BEGIN

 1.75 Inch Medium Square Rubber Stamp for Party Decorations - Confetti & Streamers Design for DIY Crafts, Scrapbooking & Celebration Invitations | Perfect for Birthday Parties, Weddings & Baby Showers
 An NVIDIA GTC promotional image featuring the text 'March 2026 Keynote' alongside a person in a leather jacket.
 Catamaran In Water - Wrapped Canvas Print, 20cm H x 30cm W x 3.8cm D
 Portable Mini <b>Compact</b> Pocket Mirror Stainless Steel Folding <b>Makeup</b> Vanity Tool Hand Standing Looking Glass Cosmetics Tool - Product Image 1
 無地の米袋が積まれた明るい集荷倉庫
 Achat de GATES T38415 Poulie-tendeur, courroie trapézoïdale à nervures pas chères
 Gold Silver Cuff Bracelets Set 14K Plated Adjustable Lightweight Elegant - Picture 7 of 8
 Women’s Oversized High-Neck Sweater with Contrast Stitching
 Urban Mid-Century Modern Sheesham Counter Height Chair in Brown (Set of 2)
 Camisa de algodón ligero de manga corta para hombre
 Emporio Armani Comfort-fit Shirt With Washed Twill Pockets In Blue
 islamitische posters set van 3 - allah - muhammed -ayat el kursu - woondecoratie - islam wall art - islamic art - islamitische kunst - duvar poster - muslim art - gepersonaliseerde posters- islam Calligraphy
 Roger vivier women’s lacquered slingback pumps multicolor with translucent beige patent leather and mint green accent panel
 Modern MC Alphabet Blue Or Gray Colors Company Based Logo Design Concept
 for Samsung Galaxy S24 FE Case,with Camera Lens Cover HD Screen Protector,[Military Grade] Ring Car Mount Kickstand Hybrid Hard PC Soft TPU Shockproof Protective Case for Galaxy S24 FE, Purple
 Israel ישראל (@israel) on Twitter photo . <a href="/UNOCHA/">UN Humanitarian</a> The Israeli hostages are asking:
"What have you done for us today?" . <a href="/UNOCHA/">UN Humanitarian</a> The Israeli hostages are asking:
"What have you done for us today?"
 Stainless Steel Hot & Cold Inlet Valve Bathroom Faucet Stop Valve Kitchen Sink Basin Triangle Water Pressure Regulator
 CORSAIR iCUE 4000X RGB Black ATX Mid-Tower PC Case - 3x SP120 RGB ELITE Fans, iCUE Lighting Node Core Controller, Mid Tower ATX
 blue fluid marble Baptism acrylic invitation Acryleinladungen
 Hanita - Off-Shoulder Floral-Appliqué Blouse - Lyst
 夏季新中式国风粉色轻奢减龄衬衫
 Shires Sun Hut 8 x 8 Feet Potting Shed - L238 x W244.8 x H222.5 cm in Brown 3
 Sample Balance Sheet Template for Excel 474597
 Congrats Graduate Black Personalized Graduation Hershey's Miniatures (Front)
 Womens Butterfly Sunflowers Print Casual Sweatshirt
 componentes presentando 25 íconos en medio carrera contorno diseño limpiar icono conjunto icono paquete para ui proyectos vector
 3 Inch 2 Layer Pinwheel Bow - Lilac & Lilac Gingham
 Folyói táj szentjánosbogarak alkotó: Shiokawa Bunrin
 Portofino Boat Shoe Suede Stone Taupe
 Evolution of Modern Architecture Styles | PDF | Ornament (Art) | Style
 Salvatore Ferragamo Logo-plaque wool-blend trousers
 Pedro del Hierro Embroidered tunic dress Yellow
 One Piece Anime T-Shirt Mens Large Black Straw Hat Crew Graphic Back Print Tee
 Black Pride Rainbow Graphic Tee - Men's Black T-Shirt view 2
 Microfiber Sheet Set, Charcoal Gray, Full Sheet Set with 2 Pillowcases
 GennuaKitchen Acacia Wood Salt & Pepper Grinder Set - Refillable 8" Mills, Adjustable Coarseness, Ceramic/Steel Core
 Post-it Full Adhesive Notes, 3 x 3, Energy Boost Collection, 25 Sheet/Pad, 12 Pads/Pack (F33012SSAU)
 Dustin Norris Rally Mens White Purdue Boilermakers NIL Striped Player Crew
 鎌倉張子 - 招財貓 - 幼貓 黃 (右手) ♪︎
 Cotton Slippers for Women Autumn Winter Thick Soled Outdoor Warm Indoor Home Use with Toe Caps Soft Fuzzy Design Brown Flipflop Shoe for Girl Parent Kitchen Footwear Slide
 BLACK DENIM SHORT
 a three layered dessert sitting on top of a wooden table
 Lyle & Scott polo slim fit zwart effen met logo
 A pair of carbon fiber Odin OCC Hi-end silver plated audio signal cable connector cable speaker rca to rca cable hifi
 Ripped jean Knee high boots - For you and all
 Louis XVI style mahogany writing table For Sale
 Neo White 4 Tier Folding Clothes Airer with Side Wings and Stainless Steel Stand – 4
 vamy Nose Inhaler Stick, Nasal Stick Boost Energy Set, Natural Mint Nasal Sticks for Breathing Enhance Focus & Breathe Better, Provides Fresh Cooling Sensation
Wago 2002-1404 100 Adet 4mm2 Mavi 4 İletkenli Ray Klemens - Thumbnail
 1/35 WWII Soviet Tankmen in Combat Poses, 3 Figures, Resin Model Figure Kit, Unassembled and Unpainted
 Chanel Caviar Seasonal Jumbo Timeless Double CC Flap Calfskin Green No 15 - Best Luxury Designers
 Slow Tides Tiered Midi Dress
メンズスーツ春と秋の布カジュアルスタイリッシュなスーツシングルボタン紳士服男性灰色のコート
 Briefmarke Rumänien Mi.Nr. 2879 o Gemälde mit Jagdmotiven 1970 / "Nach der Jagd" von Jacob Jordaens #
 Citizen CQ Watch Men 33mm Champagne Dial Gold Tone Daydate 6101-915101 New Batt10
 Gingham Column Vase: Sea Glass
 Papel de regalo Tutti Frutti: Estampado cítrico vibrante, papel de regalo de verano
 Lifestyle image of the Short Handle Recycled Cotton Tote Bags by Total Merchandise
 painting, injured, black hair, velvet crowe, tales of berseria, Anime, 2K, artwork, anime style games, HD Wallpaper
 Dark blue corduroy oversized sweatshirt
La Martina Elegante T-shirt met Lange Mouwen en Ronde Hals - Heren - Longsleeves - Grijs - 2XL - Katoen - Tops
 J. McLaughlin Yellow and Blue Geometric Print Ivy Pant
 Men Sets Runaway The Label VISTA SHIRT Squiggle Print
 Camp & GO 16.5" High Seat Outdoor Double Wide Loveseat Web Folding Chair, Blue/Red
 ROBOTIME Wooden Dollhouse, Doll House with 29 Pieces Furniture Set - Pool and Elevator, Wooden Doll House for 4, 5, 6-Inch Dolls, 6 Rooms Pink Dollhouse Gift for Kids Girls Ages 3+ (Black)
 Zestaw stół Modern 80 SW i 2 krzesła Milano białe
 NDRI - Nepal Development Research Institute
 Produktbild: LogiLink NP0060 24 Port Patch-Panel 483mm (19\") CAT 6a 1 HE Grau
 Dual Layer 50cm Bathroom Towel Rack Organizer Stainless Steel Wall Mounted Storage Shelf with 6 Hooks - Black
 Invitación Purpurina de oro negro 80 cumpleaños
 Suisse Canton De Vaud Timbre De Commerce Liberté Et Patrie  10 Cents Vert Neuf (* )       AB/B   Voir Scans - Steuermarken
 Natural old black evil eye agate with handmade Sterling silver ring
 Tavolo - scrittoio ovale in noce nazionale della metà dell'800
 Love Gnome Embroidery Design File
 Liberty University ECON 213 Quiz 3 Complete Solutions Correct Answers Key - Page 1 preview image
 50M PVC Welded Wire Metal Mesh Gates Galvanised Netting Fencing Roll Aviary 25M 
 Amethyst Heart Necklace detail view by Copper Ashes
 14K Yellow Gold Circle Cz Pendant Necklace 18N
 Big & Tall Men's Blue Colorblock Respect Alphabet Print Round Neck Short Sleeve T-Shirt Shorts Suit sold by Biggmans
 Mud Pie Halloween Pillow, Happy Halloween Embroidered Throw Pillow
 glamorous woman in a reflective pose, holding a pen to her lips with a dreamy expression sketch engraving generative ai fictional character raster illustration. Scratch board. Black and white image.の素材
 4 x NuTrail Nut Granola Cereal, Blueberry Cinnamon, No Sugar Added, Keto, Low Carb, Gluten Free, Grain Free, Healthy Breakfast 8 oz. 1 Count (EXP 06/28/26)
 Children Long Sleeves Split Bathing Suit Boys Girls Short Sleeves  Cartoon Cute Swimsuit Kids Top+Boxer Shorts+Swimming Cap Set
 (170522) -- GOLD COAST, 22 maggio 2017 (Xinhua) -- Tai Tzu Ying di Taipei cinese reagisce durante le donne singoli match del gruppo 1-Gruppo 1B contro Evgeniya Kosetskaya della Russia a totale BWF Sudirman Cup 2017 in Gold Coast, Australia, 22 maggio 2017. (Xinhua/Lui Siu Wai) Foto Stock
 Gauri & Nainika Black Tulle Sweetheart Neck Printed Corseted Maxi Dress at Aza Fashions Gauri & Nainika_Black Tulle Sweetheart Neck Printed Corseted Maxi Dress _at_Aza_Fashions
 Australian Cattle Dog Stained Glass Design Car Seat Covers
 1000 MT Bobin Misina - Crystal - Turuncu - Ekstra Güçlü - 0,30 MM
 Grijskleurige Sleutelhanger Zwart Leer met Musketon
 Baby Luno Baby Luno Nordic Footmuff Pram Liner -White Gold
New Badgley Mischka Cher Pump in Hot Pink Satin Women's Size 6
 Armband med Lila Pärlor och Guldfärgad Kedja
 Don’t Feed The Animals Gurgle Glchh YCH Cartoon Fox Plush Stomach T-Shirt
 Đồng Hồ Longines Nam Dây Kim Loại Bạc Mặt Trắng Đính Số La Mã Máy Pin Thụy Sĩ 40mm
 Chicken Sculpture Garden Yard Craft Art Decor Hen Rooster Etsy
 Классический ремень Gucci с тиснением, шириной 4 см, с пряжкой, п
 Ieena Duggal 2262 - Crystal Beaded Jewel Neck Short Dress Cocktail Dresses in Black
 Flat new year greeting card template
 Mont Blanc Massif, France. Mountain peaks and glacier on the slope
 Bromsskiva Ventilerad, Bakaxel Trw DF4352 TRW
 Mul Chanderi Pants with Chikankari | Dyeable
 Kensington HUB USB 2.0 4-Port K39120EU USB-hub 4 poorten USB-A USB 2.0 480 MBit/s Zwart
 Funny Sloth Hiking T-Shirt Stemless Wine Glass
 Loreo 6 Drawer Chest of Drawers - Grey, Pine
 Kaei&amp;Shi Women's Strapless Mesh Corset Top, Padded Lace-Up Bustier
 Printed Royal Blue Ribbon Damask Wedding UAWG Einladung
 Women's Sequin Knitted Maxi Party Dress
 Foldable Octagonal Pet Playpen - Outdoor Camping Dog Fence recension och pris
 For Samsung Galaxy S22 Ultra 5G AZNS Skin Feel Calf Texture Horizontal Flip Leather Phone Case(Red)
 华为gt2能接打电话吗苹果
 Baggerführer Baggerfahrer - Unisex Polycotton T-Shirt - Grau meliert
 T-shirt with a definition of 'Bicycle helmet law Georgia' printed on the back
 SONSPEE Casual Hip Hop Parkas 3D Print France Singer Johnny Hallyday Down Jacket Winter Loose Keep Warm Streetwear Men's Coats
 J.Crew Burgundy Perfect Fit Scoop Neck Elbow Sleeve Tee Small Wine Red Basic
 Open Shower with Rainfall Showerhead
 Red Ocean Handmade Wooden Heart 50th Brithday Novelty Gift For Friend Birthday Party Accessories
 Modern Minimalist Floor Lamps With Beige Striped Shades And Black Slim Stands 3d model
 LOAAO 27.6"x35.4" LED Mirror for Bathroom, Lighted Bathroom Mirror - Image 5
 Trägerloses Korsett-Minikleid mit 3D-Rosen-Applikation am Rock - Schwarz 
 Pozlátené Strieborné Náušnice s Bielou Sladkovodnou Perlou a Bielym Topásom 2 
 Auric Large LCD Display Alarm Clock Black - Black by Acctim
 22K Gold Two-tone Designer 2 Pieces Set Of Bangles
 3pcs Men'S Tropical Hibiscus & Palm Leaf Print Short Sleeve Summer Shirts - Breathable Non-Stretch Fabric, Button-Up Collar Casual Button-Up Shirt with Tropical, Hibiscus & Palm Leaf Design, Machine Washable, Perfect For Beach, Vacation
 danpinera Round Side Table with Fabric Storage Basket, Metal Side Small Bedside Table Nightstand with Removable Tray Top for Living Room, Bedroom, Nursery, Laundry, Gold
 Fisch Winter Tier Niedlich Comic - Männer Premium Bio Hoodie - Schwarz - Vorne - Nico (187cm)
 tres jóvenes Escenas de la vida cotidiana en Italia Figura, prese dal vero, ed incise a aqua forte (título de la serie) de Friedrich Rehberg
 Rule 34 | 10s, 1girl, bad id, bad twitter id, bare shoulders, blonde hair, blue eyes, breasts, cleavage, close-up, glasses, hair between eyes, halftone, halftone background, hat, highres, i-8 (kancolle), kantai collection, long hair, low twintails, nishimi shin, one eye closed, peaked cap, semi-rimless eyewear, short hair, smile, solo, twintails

END

Would you print, exactly as written, every line above from the one holding "無地の米袋が積まれた明るい集荷倉庫" through the one holding "blue fluid marble", with both included and no other lines?

 無地の米袋が積まれた明るい集荷倉庫
 Achat de GATES T38415 Poulie-tendeur, courroie trapézoïdale à nervures pas chères
 Gold Silver Cuff Bracelets Set 14K Plated Adjustable Lightweight Elegant - Picture 7 of 8
 Women’s Oversized High-Neck Sweater with Contrast Stitching
 Urban Mid-Century Modern Sheesham Counter Height Chair in Brown (Set of 2)
 Camisa de algodón ligero de manga corta para hombre
 Emporio Armani Comfort-fit Shirt With Washed Twill Pockets In Blue
 islamitische posters set van 3 - allah - muhammed -ayat el kursu - woondecoratie - islam wall art - islamic art - islamitische kunst - duvar poster - muslim art - gepersonaliseerde posters- islam Calligraphy
 Roger vivier women’s lacquered slingback pumps multicolor with translucent beige patent leather and mint green accent panel
 Modern MC Alphabet Blue Or Gray Colors Company Based Logo Design Concept
 for Samsung Galaxy S24 FE Case,with Camera Lens Cover HD Screen Protector,[Military Grade] Ring Car Mount Kickstand Hybrid Hard PC Soft TPU Shockproof Protective Case for Galaxy S24 FE, Purple
 Israel ישראל (@israel) on Twitter photo . <a href="/UNOCHA/">UN Humanitarian</a> The Israeli hostages are asking:
"What have you done for us today?" . <a href="/UNOCHA/">UN Humanitarian</a> The Israeli hostages are asking:
"What have you done for us today?"
 Stainless Steel Hot & Cold Inlet Valve Bathroom Faucet Stop Valve Kitchen Sink Basin Triangle Water Pressure Regulator
 CORSAIR iCUE 4000X RGB Black ATX Mid-Tower PC Case - 3x SP120 RGB ELITE Fans, iCUE Lighting Node Core Controller, Mid Tower ATX
 blue fluid marble Baptism acrylic invitation Acryleinladungen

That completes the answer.